TASK PROMPT:
Below are some records. Write out the line that contains "Colorful digital artwork: Mountain" and all lines after it, exactly, but not the pictures.
»»
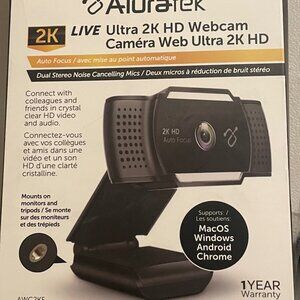 Aluratek Webcam 2K HD AWC2KF Auto Focus USB Dual Mics Windows Mac Android Chrome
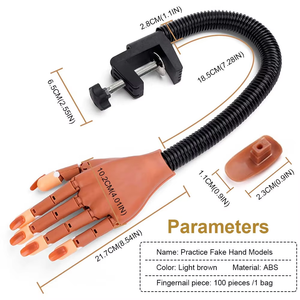 Venta de fábrica 2024, Kits de manos acrílicas ajustables portátiles profesionales, práctica de <span class=keywords><strong>uñas</strong></span> móviles flexibles, manos falsas - Product Image 5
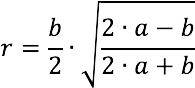 Calculator for calculating the radius of a circle inscribed in a triangle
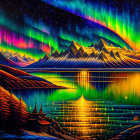 Colorful digital artwork: Mountain range, aurora, mirrored reflection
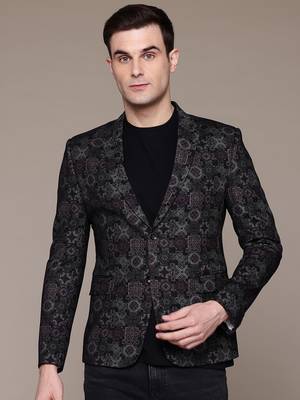 knitted single-breasted slim-fit block print blazer 1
««
REPLY TO THE TASK:
 Colorful digital artwork: Mountain range, aurora, mirrored reflection
 knitted single-breasted slim-fit block print blazer 1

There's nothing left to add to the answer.